Problem statement: Restate word for word the lines of the records below, starting at the line that contains "Толстовка Ymkashix Zip" and ending at the line that contains "Henry h.parker Cattle", with both of those lines included and nothing else.

Data:

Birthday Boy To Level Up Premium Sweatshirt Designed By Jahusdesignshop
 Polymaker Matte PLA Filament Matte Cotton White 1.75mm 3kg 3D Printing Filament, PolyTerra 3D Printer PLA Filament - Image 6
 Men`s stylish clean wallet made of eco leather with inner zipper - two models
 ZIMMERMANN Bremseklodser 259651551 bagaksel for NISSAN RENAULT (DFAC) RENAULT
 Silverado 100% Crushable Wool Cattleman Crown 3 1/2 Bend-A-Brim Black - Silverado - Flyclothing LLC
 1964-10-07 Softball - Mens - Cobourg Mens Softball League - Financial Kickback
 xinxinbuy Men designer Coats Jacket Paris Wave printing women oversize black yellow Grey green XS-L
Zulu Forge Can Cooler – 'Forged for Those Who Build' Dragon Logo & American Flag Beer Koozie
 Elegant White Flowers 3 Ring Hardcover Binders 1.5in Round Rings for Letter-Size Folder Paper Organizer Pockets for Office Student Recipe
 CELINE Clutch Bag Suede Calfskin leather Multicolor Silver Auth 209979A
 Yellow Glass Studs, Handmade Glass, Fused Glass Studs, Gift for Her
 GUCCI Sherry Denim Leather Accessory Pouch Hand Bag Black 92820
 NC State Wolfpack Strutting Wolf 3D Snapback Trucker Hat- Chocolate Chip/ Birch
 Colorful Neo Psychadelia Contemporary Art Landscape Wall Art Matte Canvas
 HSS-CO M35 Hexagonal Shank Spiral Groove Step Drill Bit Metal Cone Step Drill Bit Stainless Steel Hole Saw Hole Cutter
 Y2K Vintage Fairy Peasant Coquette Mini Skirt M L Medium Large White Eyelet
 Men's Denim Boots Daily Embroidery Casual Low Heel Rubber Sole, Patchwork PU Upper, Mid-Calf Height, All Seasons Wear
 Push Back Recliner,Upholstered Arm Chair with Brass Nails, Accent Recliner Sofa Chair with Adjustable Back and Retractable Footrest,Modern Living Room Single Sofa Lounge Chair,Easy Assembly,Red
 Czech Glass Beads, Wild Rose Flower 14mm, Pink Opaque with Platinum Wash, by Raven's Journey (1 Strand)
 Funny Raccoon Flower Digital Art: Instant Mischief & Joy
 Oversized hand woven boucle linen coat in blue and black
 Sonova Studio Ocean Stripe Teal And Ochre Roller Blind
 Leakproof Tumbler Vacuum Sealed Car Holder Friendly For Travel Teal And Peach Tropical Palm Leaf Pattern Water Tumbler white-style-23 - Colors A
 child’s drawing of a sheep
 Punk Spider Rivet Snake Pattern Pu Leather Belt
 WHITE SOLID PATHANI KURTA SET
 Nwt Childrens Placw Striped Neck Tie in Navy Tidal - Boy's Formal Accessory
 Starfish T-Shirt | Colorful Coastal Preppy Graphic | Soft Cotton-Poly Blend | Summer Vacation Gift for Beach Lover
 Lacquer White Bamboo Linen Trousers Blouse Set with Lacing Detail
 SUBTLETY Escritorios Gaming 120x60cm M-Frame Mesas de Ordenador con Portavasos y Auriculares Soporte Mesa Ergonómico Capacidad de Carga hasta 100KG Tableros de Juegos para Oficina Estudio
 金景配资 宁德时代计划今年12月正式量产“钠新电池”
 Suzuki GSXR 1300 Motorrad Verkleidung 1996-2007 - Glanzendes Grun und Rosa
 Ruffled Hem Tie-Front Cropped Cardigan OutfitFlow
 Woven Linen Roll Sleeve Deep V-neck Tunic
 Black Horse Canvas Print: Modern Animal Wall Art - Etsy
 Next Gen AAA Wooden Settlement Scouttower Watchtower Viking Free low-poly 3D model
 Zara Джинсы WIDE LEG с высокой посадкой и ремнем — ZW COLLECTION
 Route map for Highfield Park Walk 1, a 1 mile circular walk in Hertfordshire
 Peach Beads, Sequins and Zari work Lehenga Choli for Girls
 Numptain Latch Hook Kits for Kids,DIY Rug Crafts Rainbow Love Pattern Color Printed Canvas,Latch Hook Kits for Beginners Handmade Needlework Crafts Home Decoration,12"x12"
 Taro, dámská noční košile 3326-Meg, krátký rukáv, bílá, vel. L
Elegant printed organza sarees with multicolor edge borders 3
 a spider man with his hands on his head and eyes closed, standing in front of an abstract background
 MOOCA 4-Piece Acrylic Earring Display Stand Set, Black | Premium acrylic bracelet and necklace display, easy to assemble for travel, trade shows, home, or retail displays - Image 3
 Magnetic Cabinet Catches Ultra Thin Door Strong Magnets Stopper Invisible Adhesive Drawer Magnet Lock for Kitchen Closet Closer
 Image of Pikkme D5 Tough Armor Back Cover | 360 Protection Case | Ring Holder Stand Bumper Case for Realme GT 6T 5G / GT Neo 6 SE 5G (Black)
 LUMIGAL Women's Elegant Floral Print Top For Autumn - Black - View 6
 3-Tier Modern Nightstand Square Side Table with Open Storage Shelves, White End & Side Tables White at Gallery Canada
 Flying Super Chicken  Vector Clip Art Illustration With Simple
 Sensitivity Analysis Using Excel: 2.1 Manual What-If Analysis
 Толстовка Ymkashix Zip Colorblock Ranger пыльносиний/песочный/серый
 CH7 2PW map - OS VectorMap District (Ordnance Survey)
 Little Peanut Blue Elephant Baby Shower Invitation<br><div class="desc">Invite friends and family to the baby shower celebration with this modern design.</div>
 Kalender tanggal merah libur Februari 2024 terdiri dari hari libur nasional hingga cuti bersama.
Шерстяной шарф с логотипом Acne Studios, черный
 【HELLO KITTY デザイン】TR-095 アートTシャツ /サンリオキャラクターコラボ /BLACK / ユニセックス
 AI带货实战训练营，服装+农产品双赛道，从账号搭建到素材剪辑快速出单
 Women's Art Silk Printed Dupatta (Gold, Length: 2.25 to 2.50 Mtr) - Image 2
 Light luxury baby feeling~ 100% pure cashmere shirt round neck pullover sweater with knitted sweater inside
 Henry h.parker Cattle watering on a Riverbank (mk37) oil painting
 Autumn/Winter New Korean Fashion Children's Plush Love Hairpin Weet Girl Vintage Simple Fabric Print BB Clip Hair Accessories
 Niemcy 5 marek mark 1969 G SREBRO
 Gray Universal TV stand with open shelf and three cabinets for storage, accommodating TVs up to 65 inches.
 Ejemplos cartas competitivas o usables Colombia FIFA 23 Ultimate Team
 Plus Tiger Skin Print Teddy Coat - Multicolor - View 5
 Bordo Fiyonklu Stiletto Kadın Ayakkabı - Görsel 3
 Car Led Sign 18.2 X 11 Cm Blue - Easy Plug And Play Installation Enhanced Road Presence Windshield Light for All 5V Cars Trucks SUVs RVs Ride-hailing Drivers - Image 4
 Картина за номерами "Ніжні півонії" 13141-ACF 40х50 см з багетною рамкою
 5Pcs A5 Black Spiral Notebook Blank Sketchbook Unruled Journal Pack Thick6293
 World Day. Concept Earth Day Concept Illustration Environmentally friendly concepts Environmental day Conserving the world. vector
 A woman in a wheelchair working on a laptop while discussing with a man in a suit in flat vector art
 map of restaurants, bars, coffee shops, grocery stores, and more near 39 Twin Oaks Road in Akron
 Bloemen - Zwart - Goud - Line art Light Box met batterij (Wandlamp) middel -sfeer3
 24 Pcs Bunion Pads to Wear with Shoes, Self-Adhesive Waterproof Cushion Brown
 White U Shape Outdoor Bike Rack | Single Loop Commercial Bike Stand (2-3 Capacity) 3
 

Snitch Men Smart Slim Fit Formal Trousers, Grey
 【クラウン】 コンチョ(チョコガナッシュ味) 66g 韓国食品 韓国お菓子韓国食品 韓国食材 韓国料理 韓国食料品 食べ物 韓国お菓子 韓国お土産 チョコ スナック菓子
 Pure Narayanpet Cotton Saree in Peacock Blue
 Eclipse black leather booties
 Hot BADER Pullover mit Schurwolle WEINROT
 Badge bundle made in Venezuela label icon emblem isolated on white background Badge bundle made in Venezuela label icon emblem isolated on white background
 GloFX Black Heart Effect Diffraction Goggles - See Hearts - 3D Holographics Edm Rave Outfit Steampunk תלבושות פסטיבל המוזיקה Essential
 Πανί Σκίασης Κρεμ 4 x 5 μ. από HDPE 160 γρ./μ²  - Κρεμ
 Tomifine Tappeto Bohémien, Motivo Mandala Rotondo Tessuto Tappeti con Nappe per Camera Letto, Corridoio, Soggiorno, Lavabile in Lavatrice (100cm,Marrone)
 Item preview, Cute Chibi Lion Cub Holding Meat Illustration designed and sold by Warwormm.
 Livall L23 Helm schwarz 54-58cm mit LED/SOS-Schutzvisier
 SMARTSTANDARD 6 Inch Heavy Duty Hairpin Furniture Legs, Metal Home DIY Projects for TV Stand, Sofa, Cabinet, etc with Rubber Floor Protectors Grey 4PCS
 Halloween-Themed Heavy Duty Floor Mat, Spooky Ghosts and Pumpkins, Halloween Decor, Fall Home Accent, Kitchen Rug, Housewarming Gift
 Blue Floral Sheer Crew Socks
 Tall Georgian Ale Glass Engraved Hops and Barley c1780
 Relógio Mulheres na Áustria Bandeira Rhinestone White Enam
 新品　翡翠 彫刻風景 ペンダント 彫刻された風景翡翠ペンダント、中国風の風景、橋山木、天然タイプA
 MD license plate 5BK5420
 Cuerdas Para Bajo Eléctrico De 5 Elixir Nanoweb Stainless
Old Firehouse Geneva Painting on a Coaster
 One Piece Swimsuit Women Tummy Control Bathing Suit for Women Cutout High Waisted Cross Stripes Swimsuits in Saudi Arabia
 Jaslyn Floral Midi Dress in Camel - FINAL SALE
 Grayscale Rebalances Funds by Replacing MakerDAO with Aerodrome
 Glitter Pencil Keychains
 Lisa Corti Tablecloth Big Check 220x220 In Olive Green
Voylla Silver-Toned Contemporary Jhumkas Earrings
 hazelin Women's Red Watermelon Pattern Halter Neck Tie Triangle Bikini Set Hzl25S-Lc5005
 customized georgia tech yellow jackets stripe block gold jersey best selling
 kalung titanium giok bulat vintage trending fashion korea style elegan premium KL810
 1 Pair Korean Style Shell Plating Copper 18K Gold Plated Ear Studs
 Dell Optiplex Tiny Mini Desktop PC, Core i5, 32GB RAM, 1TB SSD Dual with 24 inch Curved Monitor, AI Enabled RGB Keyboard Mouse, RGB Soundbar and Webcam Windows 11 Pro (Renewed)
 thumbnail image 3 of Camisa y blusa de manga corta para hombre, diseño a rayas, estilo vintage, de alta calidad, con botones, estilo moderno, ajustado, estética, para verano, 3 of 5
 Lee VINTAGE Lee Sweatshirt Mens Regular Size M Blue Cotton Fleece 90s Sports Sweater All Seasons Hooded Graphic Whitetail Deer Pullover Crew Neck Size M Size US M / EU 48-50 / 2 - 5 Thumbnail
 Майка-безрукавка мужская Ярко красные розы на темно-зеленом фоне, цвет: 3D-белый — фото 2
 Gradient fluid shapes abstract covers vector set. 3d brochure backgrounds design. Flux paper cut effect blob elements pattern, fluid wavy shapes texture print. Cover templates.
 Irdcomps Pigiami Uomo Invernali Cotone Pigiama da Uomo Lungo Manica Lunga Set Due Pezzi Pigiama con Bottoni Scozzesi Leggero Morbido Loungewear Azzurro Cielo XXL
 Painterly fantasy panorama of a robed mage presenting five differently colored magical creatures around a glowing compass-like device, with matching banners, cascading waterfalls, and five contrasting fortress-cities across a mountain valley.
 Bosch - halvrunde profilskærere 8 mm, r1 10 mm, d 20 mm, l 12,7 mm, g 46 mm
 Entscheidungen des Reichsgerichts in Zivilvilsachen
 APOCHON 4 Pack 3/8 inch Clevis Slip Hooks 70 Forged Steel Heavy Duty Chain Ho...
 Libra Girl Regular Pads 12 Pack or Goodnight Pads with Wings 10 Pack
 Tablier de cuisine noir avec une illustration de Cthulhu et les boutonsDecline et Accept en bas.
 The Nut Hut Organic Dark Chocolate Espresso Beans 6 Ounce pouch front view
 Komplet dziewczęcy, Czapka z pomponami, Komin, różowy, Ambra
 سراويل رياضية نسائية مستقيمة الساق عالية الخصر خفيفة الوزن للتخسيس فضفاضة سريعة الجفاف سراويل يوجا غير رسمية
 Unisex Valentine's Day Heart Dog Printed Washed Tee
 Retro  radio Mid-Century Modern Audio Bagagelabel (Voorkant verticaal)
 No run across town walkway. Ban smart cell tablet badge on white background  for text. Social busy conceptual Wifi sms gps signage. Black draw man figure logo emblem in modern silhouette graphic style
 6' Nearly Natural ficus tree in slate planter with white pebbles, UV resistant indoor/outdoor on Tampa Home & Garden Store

Result of this exercise:
 Толстовка Ymkashix Zip Colorblock Ranger пыльносиний/песочный/серый
 CH7 2PW map - OS VectorMap District (Ordnance Survey)
 Little Peanut Blue Elephant Baby Shower Invitation<br><div class="desc">Invite friends and family to the baby shower celebration with this modern design.</div>
 Kalender tanggal merah libur Februari 2024 terdiri dari hari libur nasional hingga cuti bersama.
Шерстяной шарф с логотипом Acne Studios, черный
 【HELLO KITTY デザイン】TR-095 アートTシャツ /サンリオキャラクターコラボ /BLACK / ユニセックス
 AI带货实战训练营，服装+农产品双赛道，从账号搭建到素材剪辑快速出单
 Women's Art Silk Printed Dupatta (Gold, Length: 2.25 to 2.50 Mtr) - Image 2
 Light luxury baby feeling~ 100% pure cashmere shirt round neck pullover sweater with knitted sweater inside
 Henry h.parker Cattle watering on a Riverbank (mk37) oil painting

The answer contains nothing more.